WORK TO COMPLETE. The answer must be an exact copy of the records, with every picture left out.

WORKING DATA.
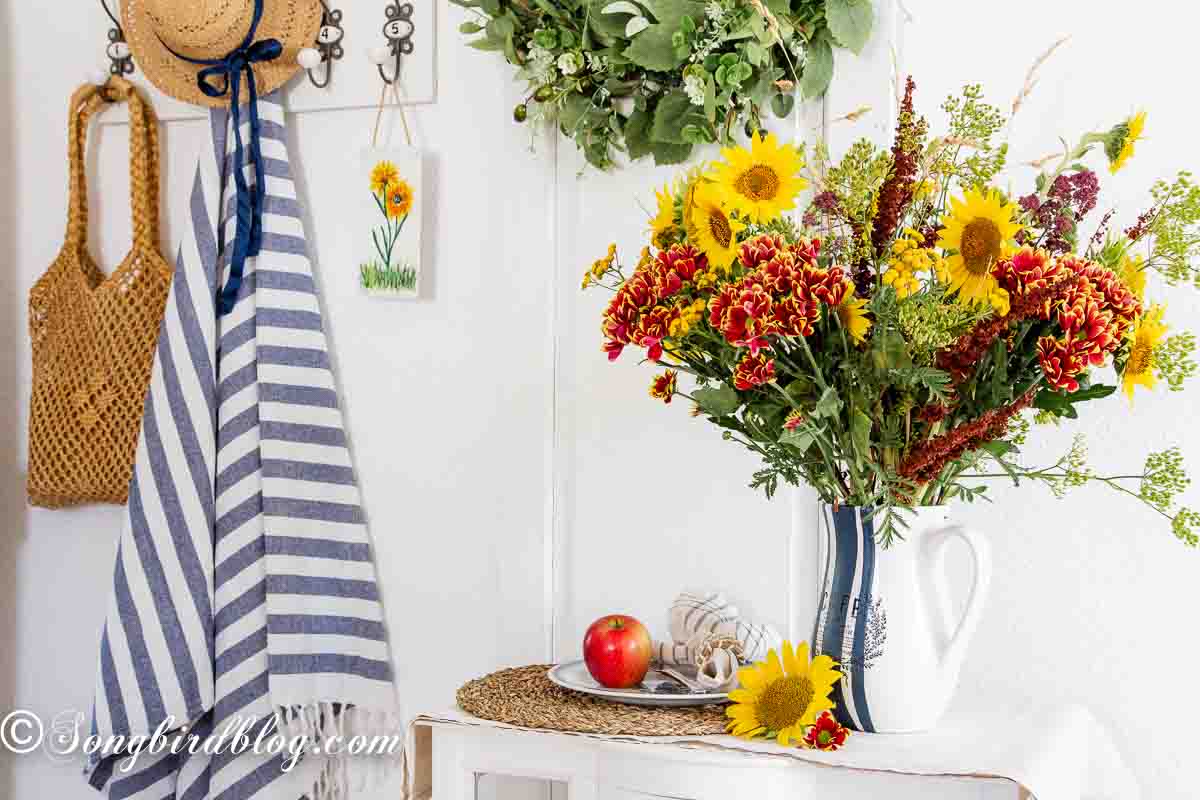 A hand painted vase with blue and white stripes, holding a vibrant bouquet of sunflowers, chrysanthemums, and wildflowers, perfect for a flower vase painting idea.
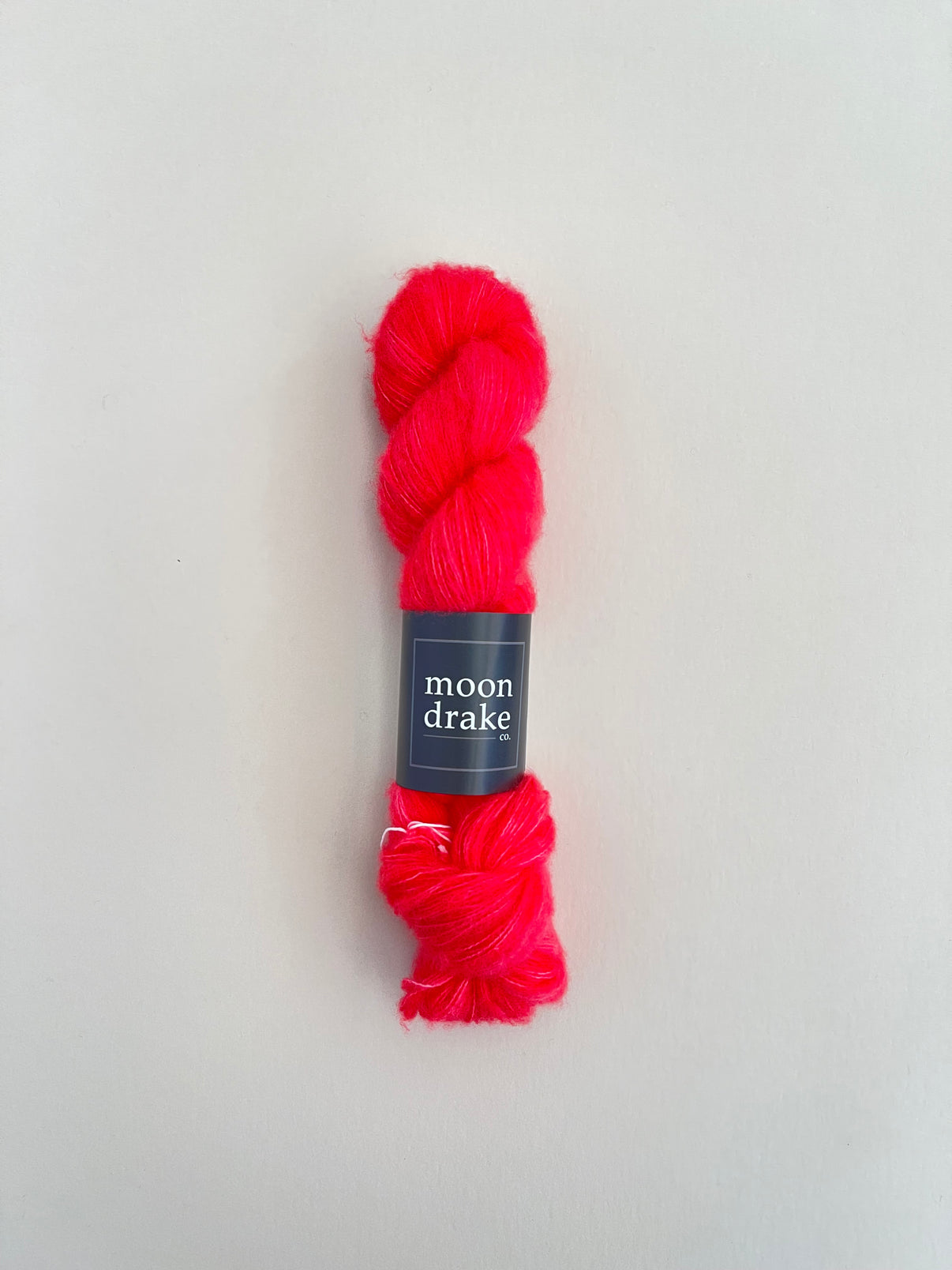 A very bright coral colored skein of yarn with a black label that reads "Moondrake Co". The yarn is very fluffy and floofy.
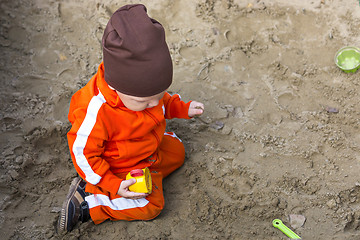 Image showing Baby boy is playing in sandbox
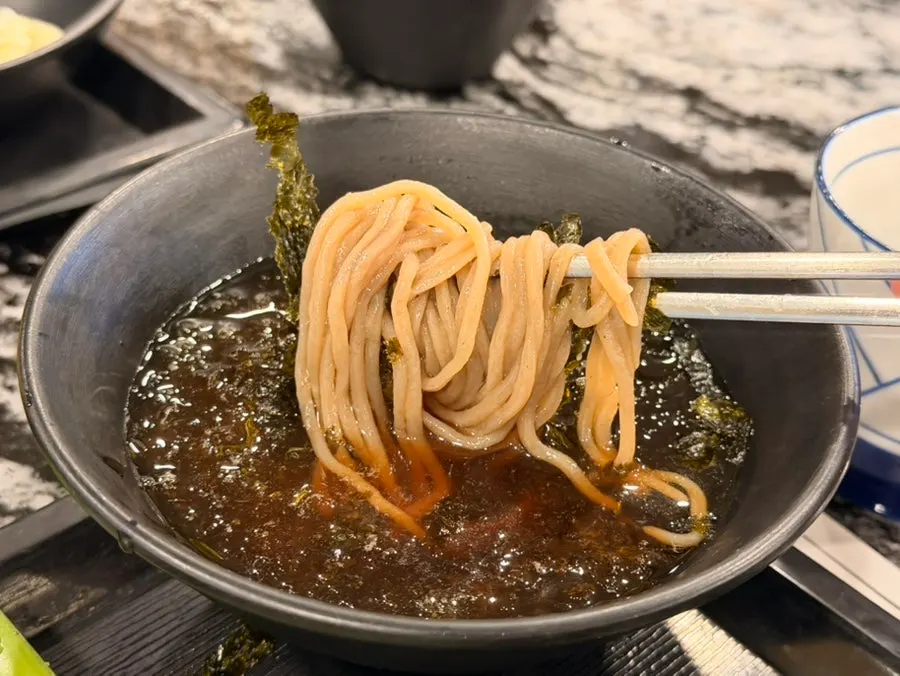 Dipping soba noodles into the broth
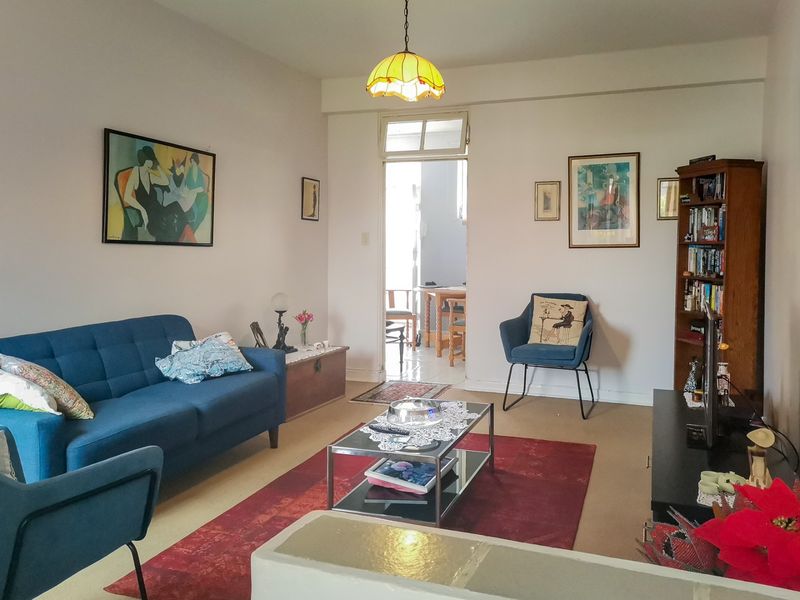 A comfortable living room featuring neutral walls, carpeted flooring, and a transom window leading to an adjacent space.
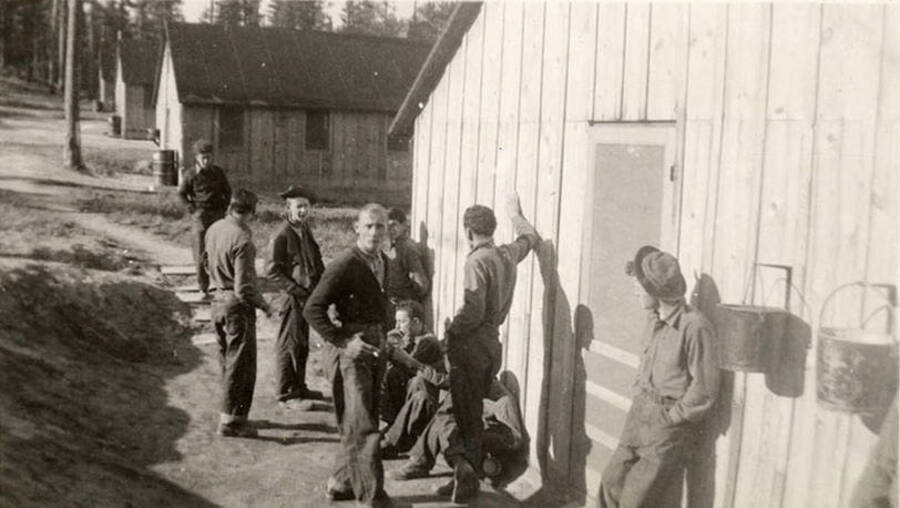 Several CCC men lounging outside of a barrack. Writing below the photo reads: 'Waiting for work call'.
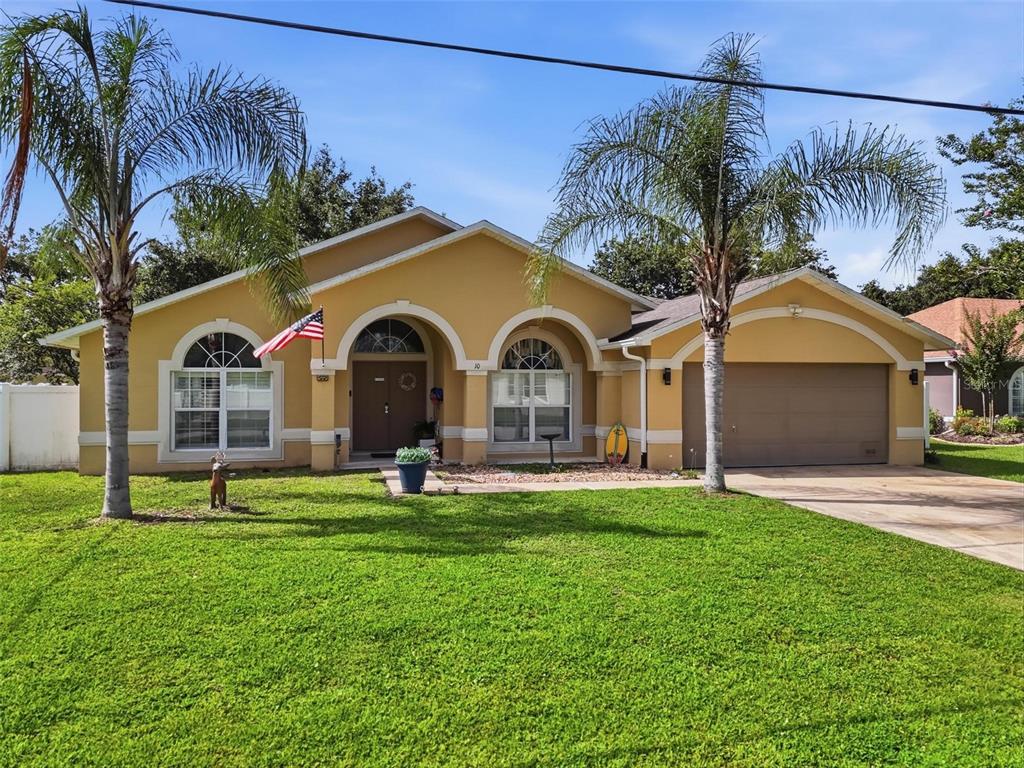 A single-story tan house with a two-car garage, arched windows, and two palm trees — 10 LARKSPUR WAY, PALM COAST, FL
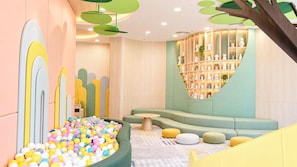 A children's play area with a ball pit, cushioned seating, and a wall with shelves. - Vinpearl Onsen Resort Tuyen Quang (My Lam)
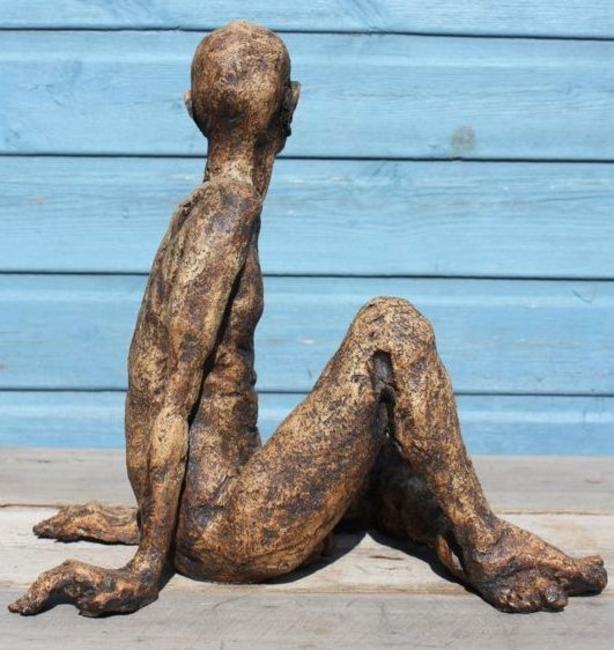 tall thin man seated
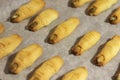 Scary happy Halloween baking finger cookies with pumpkin seeds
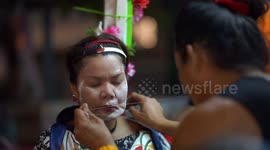 Facial beauty treatment in Thailand using a Chinese technique called face threading.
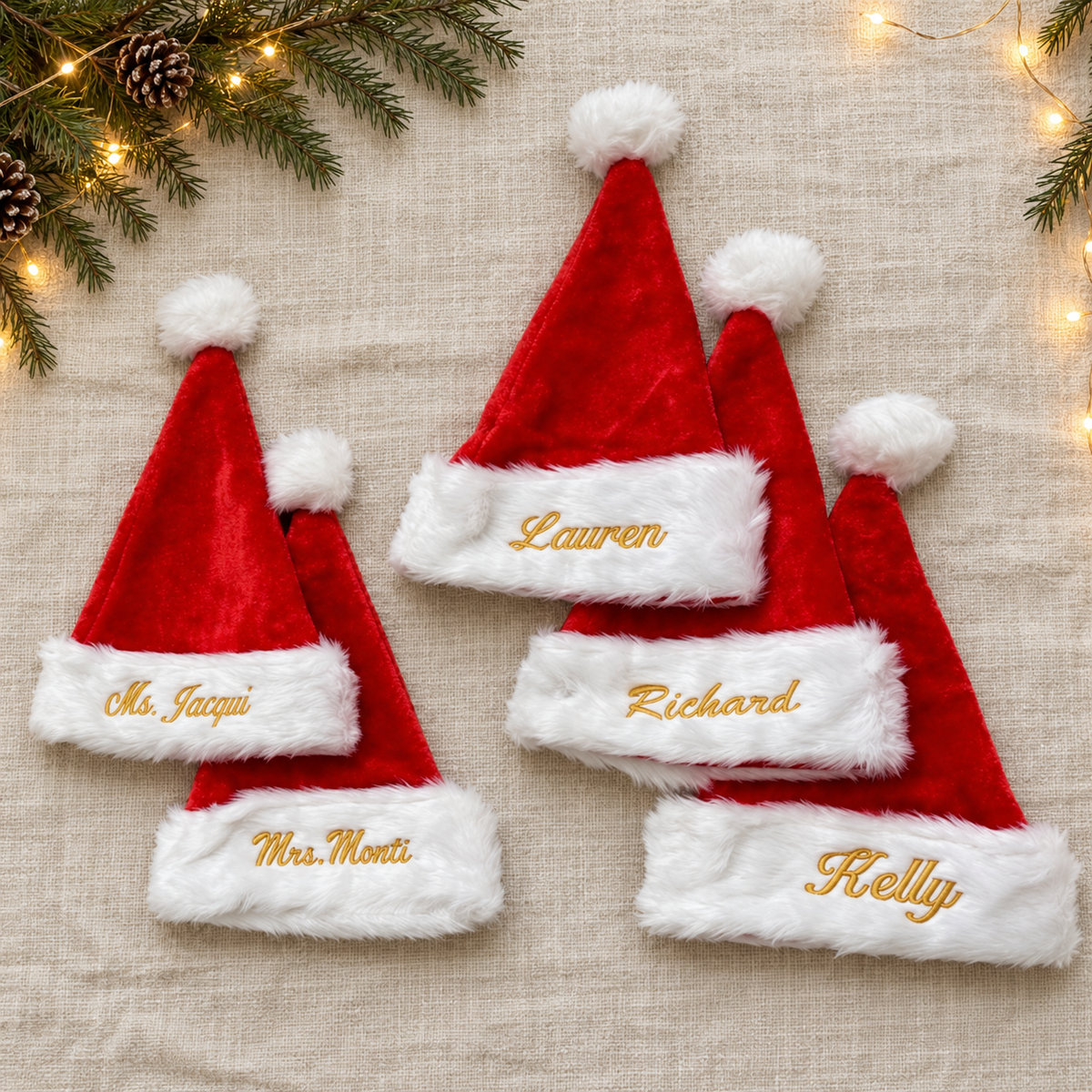 Five Santa hats with gold names on a Christmas background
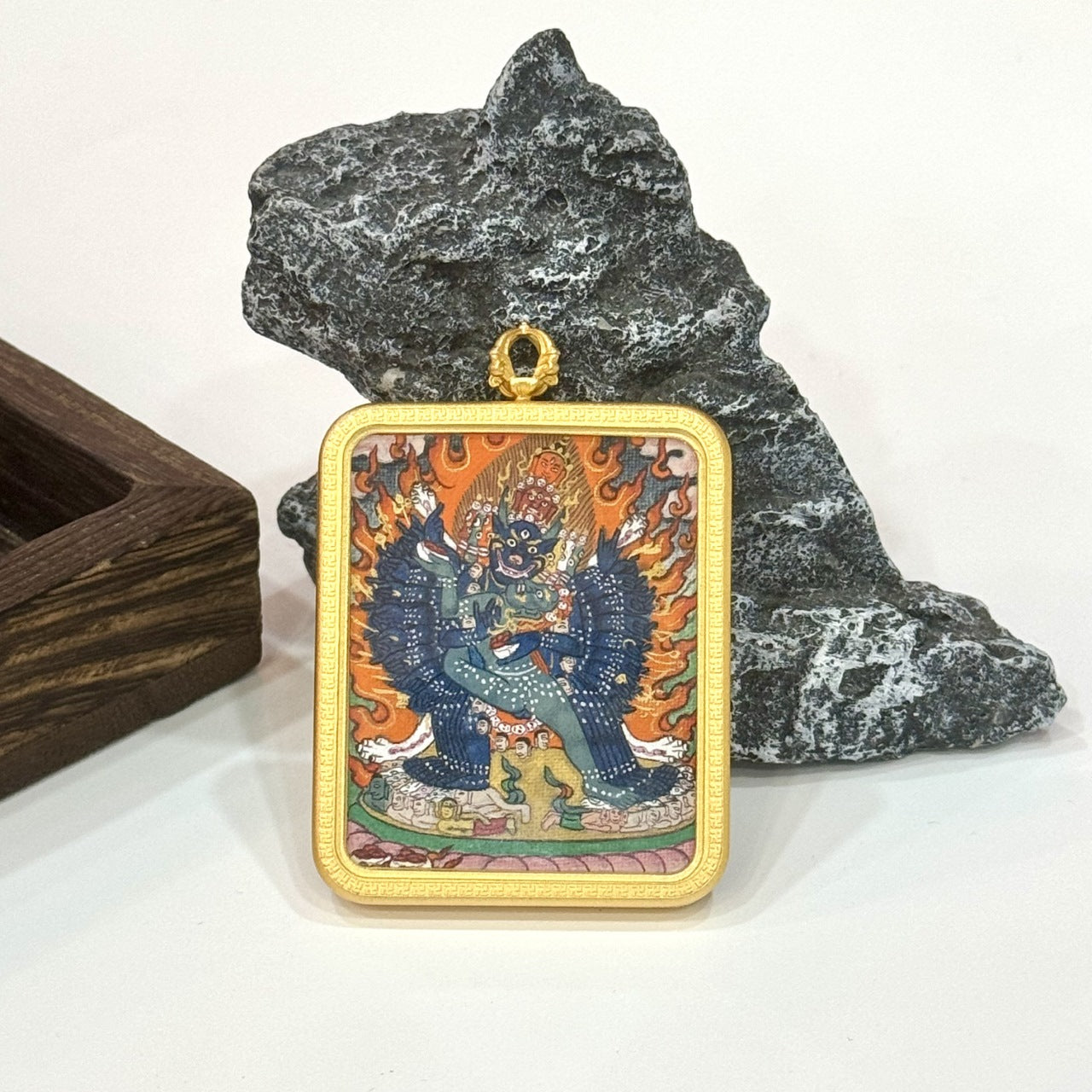 Close-up of Yamantaka mini thangka painting, showing fine line work, dense mineral pigment application, and traditional Tibetan wrathful deity composition.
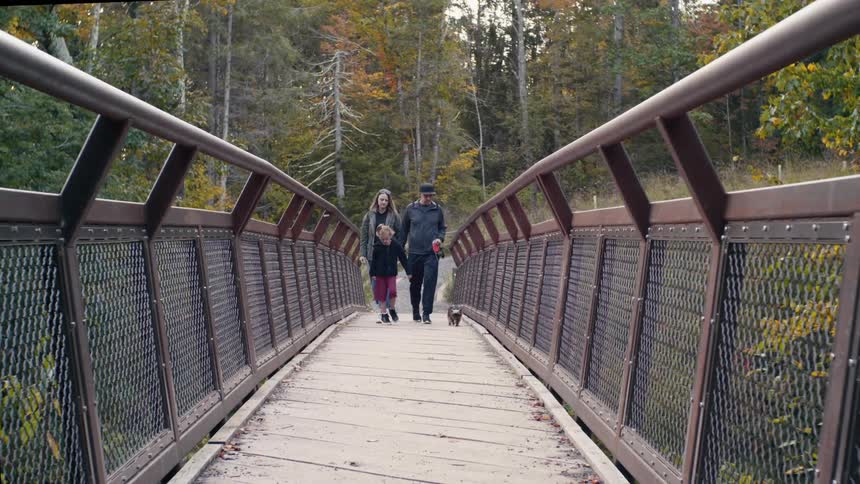 Family walking their dog across a narrow bridge in the wilderness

EXERCISE RESPONSE.
 A hand painted vase with blue and white stripes, holding a vibrant bouquet of sunflowers, chrysanthemums, and wildflowers, perfect for a flower vase painting idea.
 A very bright coral colored skein of yarn with a black label that reads "Moondrake Co". The yarn is very fluffy and floofy.
 Image showing Baby boy is playing in sandbox
 Dipping soba noodles into the broth
 A comfortable living room featuring neutral walls, carpeted flooring, and a transom window leading to an adjacent space.
 Several CCC men lounging outside of a barrack. Writing below the photo reads: 'Waiting for work call'.
 A single-story tan house with a two-car garage, arched windows, and two palm trees — 10 LARKSPUR WAY, PALM COAST, FL
 A children's play area with a ball pit, cushioned seating, and a wall with shelves. - Vinpearl Onsen Resort Tuyen Quang (My Lam)
 tall thin man seated
 Scary happy Halloween baking finger cookies with pumpkin seeds
 Facial beauty treatment in Thailand using a Chinese technique called face threading.
 Five Santa hats with gold names on a Christmas background
 Close-up of Yamantaka mini thangka painting, showing fine line work, dense mineral pigment application, and traditional Tibetan wrathful deity composition.
 Family walking their dog across a narrow bridge in the wilderness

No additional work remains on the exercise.